§ **Supplied data**:
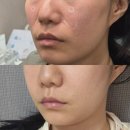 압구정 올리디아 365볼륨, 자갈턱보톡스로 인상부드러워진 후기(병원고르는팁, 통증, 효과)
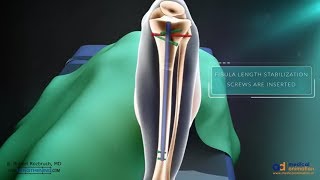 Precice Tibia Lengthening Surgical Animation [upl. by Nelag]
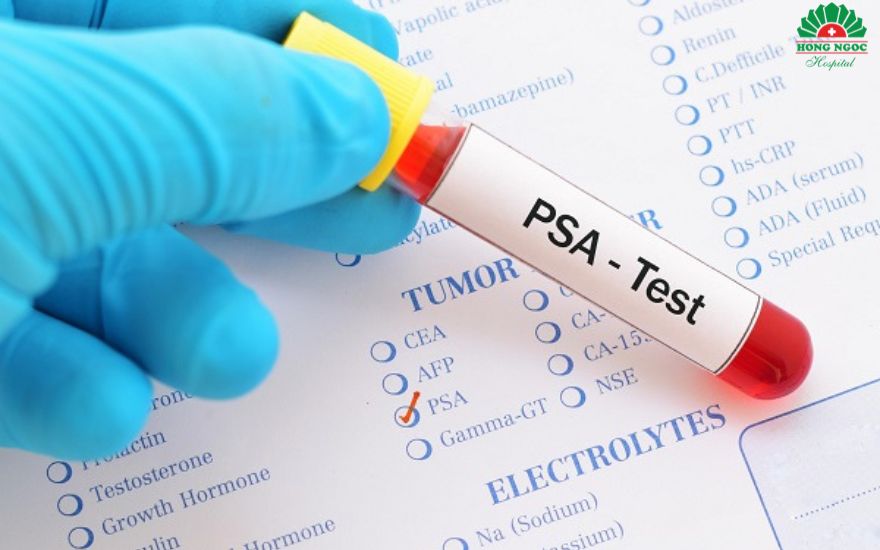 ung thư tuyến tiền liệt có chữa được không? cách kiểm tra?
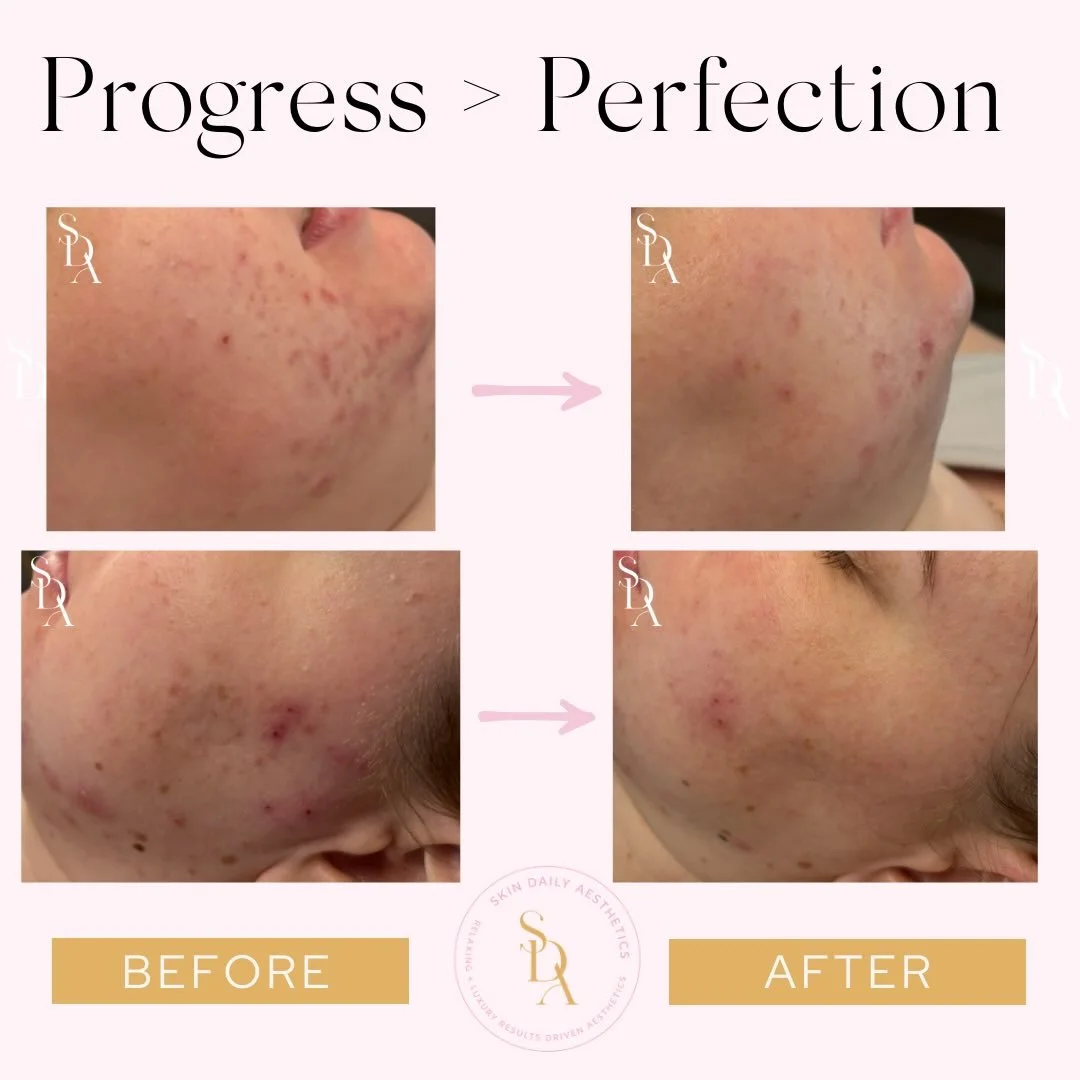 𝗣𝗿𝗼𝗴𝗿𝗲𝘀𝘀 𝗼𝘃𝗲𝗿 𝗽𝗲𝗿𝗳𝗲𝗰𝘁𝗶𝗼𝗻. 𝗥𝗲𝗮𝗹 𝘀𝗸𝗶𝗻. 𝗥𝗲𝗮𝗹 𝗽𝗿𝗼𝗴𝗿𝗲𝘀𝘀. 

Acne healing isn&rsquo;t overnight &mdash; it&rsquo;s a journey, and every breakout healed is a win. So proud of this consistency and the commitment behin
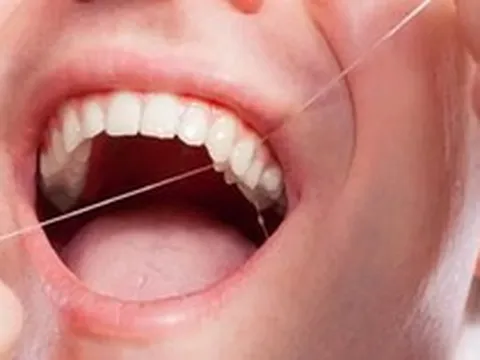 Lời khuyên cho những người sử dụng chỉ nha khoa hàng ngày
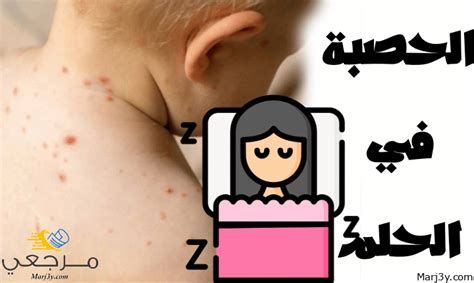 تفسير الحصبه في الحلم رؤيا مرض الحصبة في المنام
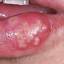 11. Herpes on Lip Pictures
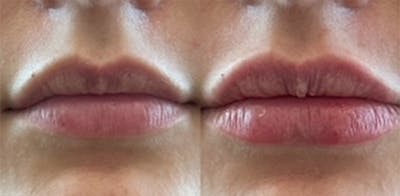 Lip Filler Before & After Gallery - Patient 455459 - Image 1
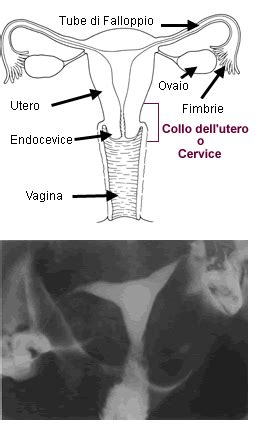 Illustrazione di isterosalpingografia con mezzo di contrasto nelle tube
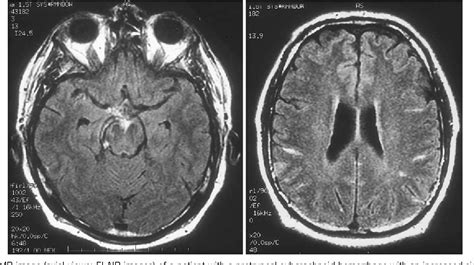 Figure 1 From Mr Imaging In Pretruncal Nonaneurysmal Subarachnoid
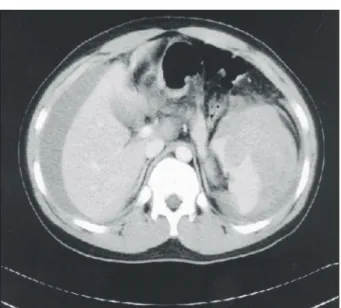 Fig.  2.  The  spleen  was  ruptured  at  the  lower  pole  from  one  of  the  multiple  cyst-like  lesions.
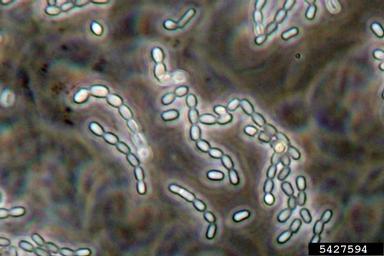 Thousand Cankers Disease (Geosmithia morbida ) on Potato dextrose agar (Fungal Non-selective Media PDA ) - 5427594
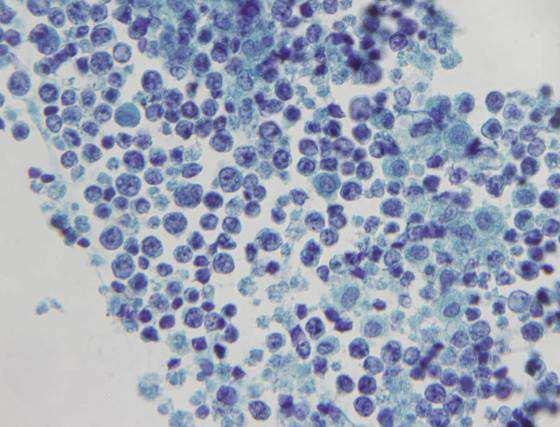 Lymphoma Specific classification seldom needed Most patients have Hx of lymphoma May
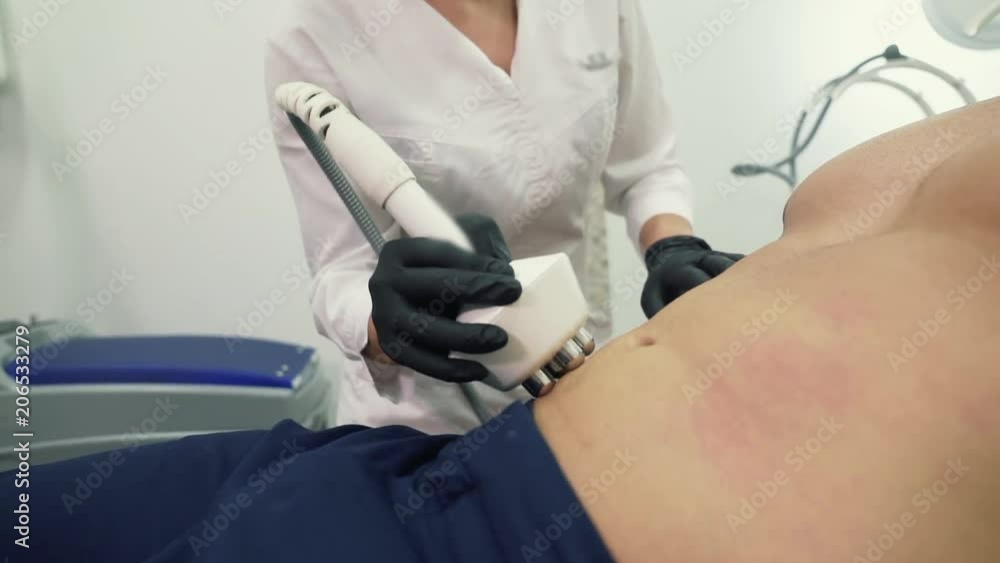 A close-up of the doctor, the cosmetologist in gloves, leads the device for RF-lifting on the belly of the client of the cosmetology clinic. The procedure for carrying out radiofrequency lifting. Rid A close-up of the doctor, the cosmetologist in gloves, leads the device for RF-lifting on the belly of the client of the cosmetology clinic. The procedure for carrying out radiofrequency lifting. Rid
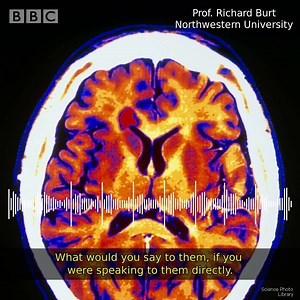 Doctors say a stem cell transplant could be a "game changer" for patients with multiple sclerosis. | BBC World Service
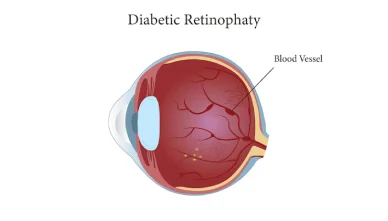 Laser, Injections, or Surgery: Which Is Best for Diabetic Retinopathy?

§ **Exercise goal**: Only the lines from the start of the records to the one containing "Lời khuyên cho" should be repeated, exactly and with both ends kept; drop any pictures.

§ **Written answer**:
 압구정 올리디아 365볼륨, 자갈턱보톡스로 인상부드러워진 후기(병원고르는팁, 통증, 효과)
 Precice Tibia Lengthening Surgical Animation [upl. by Nelag]
 ung thư tuyến tiền liệt có chữa được không? cách kiểm tra?
 𝗣𝗿𝗼𝗴𝗿𝗲𝘀𝘀 𝗼𝘃𝗲𝗿 𝗽𝗲𝗿𝗳𝗲𝗰𝘁𝗶𝗼𝗻. 𝗥𝗲𝗮𝗹 𝘀𝗸𝗶𝗻. 𝗥𝗲𝗮𝗹 𝗽𝗿𝗼𝗴𝗿𝗲𝘀𝘀. 

Acne healing isn&rsquo;t overnight &mdash; it&rsquo;s a journey, and every breakout healed is a win. So proud of this consistency and the commitment behin
 Lời khuyên cho những người sử dụng chỉ nha khoa hàng ngày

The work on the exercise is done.